Supercritical Black Hole Thermodynamics

Updated 15 November 2025

Supercritical black hole thermodynamics is defined as the region beyond the critical point where first-order phase transitions vanish, yet continuous fluid-like crossovers occur.
The regime is characterized by quantifiable crossover boundaries marked by Widom lines, which separate gas-like and liquid-like dynamical behaviors through response function extrema.
Universal scaling laws and critical slowing down within this regime provide key insights, linking gravitational phenomena to conventional liquid–gas criticality.

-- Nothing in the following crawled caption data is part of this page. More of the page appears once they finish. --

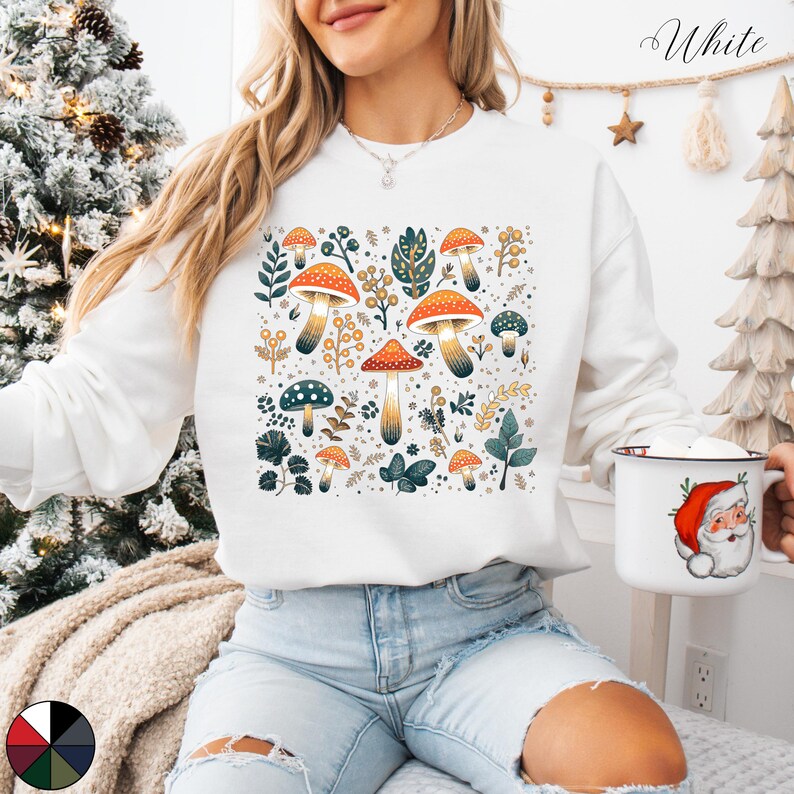 May include: White sweatshirt with a colorful mushroom and leaf pattern. The design features orange, yellow, green, and brown mushrooms with green leaves and stems.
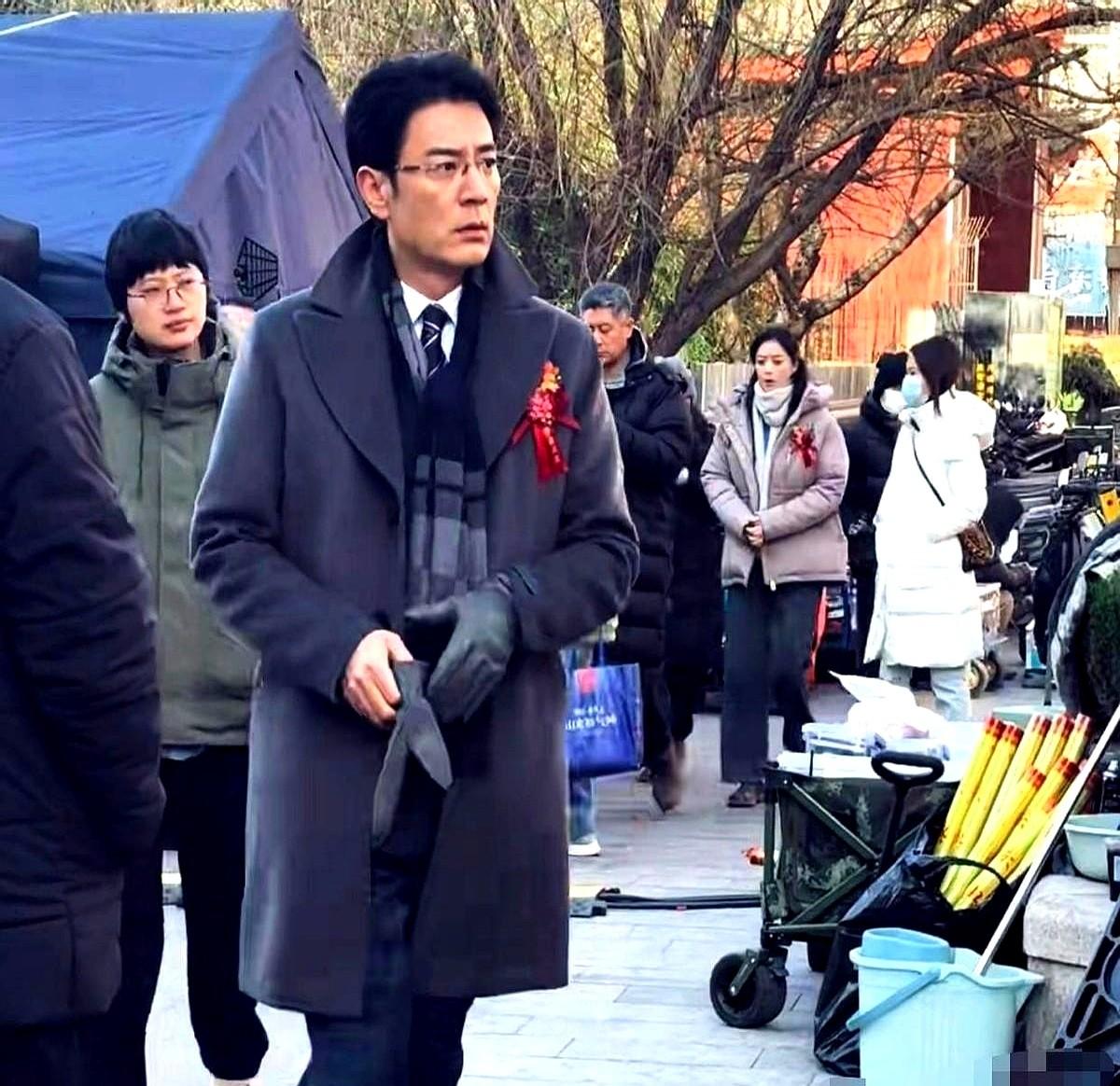 同一朵红花，戴在两个人身上，简直是两个世界。李光洁西装笔挺，金丝眼镜，手插兜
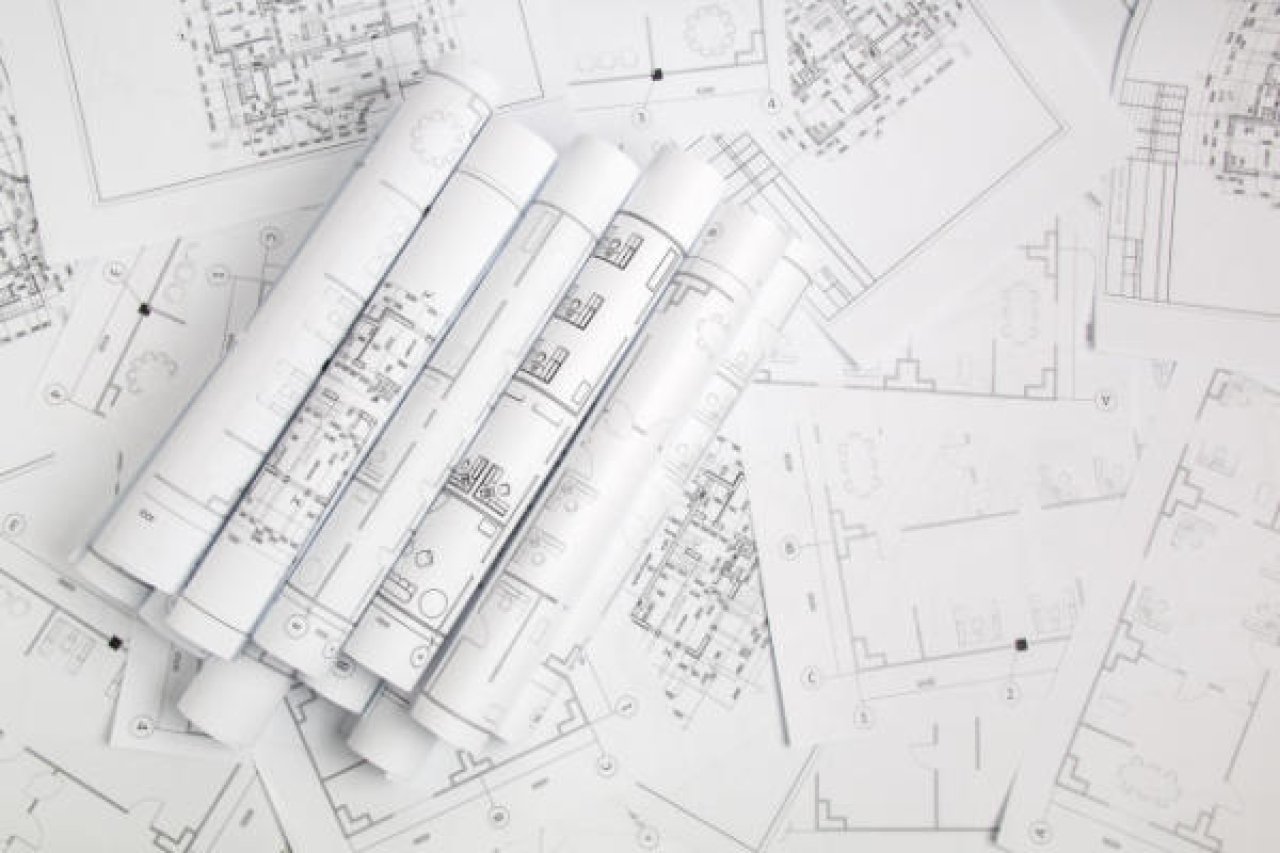 blueprints representing comprehensive plan.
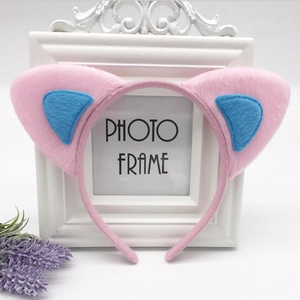 Close-up of pink and blue plush cat ear headband on a vintage white frame background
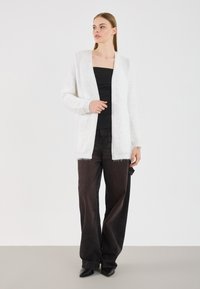 Cardigan alb, pufoasă, cu deschidere în față și mâneci lungi, purtată cu un top negru și pantaloni largi de culoare închisă, pe un fundal neutru.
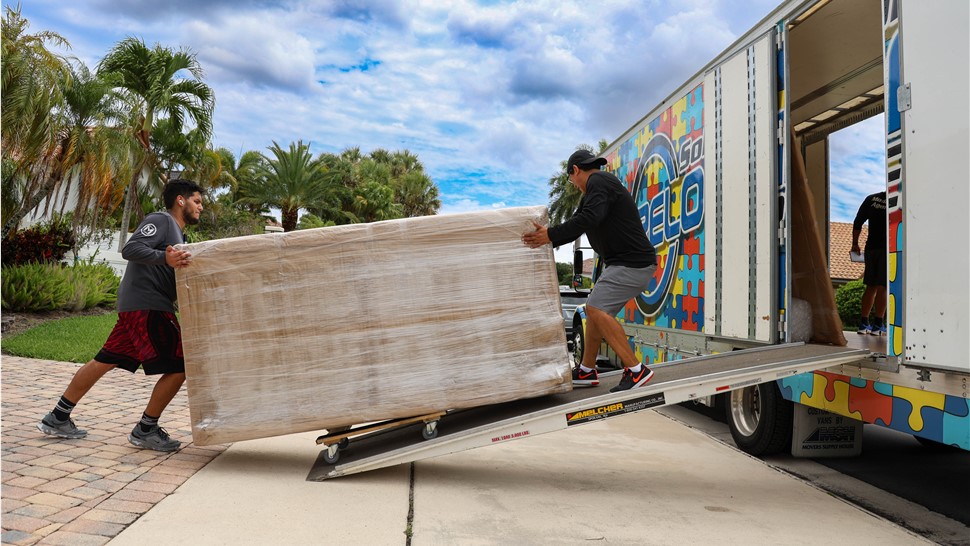 Loading furnature into South Florida moving truck for household move.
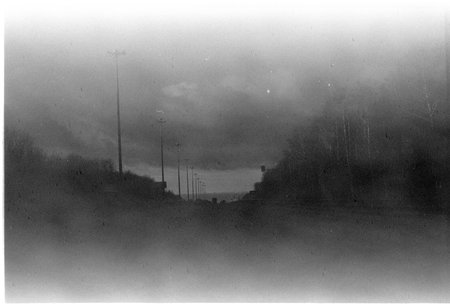 The scanned image taken with a film camera on an old film, tainted by dust and scratches. The image...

The supercritical regime of black hole thermodynamics refers to the domain above the critical point in the phase diagram of gravitational systems, such as Reissner–Nordström–AdS (RNAdS) and related spacetimes, when formulated within the extended phase space where the cosmological constant is interpreted as a thermodynamic pressure. This regime is characterized by the absence of any true first-order phase transition or coexistence line, yet it retains rich structure reminiscent of fluid supercriticality, including quantitative crossover boundaries, dynamical slowing-down phenomena, and universal scaling laws. The landscape is further structured by the Widom line(s), which sharply demarcate gas-like and liquid-like regimes via response-function extrema and dynamical indicators.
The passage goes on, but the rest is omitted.